Il referendum abrogativo dell’11/07/1995 sull’art. 19 dello Statuto dei lavoratori ha complicato però le cose dato che il risultato è stato che le rappresentanze sindacali aziendali possono essere costituite ad iniziativa dei lavoratori in ogni unità produttiva solo nell’ambito delle associazioni che sono firmatarie di contratti collettivi di lavoro applicati nell’unità produttiva.
Parte della dottrina in ogni caso ritiene che la predetta abrogazione referendaria ha allargato le maglie selettive attraverso le quali misurare la legittimazione delle organizzazioni ad esercitare le loro prerogative nelle diverse unità produttive.
In sostanza la rappresentatività utile per l’acquisto dei diritti sindacali nell’azienda viene ad essere condizionata unicamente da un dato empirico di effettività dell’azione sindacale concretizzantesi nella stipula di qualsiasi contratto collettivo (nazionale, provinciale o aziendale) applicato all’unità produttiva. Criterio questo che ha superato lo scrutinio di legittimità costituzionale (con riferimento agli artt. 3 e 39 Cost.) sul rilievo che "l'esigenza di oggettività del criterio legale di selezione comporta un’interpretazione rigorosa della fattispecie dell'art. 19 St.

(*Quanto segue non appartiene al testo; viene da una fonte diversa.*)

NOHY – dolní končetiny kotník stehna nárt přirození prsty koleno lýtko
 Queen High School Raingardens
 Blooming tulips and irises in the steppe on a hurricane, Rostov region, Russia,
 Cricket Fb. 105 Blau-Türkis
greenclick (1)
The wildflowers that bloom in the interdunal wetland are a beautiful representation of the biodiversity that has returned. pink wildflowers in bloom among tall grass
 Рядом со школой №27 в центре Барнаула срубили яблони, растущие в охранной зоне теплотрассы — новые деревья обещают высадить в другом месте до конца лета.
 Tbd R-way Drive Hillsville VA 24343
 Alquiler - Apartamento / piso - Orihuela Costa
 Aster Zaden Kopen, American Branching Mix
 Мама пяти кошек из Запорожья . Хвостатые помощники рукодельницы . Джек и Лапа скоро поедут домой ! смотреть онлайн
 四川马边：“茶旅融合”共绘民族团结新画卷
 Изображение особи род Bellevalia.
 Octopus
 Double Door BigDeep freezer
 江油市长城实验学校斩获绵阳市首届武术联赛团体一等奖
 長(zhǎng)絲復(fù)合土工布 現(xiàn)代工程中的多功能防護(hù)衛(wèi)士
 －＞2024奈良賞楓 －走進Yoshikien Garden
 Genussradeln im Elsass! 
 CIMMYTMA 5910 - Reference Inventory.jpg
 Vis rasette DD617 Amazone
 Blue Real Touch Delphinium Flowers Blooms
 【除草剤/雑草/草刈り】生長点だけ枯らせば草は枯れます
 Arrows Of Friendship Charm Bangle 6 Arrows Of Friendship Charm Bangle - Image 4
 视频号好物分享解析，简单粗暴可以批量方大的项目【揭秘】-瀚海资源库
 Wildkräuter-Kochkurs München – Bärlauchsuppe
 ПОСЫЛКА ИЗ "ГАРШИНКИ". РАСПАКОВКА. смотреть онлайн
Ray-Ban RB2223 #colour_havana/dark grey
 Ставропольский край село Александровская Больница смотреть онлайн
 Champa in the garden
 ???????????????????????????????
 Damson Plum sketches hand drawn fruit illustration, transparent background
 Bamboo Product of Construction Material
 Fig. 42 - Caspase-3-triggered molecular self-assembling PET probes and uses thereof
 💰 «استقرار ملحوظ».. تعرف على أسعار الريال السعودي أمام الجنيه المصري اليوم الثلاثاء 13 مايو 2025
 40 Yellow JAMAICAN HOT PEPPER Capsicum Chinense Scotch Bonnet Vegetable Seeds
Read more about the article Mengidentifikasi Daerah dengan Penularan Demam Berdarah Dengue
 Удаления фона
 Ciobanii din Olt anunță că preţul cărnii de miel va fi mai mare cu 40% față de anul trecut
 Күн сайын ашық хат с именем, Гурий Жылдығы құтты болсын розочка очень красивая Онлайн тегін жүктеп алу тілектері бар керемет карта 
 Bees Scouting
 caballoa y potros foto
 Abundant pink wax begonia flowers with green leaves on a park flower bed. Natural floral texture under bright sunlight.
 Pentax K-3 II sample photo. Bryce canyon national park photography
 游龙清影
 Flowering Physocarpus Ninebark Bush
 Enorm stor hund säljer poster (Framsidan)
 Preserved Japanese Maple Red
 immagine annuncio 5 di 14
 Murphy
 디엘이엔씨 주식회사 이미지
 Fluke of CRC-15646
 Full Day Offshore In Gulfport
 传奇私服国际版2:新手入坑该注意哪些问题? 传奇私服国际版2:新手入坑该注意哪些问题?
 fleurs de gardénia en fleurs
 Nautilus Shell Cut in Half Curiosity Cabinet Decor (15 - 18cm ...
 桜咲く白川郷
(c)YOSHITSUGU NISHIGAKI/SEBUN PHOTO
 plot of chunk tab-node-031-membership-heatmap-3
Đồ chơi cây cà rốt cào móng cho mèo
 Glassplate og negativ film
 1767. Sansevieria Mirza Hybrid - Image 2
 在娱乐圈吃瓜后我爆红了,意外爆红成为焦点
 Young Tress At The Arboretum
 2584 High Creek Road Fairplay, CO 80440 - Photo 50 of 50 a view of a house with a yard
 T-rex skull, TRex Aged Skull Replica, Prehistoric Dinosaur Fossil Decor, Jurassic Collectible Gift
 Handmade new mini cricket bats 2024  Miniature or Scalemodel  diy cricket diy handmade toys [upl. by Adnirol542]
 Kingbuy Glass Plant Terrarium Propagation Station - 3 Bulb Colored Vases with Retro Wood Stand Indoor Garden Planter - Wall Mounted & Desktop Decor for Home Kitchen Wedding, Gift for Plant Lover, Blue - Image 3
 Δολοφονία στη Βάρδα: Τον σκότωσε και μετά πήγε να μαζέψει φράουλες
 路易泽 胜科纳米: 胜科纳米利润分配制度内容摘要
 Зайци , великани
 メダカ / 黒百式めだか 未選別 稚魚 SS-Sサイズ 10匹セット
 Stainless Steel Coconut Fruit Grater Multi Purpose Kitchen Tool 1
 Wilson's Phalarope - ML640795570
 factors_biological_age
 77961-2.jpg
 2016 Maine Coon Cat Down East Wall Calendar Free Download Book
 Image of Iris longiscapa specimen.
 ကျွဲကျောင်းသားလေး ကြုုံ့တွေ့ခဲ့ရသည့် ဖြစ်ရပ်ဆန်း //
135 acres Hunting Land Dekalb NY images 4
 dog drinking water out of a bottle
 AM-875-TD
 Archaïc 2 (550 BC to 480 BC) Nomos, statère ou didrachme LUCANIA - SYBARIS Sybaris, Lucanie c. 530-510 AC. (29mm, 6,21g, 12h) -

Lav. tale da far coincidere il criterio con la capacità del sindacato di imporsi al datore di lavoro direttamente o attraverso la sua associazione, come controparte contrattuale".
Ne consegue che non è "sufficiente la mera adesione formale a un contratto negoziato da altri sindacati, ma occorre una partecipazione attiva al processo di formazione del contratto" e "nemmeno è sufficiente la stipulazione di un contratto qualsiasi, ma deve trattarsi di un contratto normativo che regoli in modo organico i rapporti di lavoro, almeno per un settore o un istituto importante della loro disciplina, anche in via integrativa, a livello aziendale, di un contratto nazionale provinciale già applicato nella stessa unità produttiva".
Da tutta questa ricostruzione ne discende che ben possono le rappresentanze sindacali aziendali essere costituite da una organizzazione sindacale di non rilevanza nazionale perché radicata in una specifica realtà geografica, ma che sia tuttavia sottoscrittrice di un accordo collettivo applicato nell'unità produttiva di riferimento.
Quindi la comunicazione può essere fatta anche soltanto alla RSU con esclusione delle sigle territoriali o di categoria, pur se la RSU appartiene ad una organizzazione sindacale irrilevante sul piano nazionale ma radicata in quel determinato contesto e firmataria di un accordo collettivo applicato nell'unità di riferimento.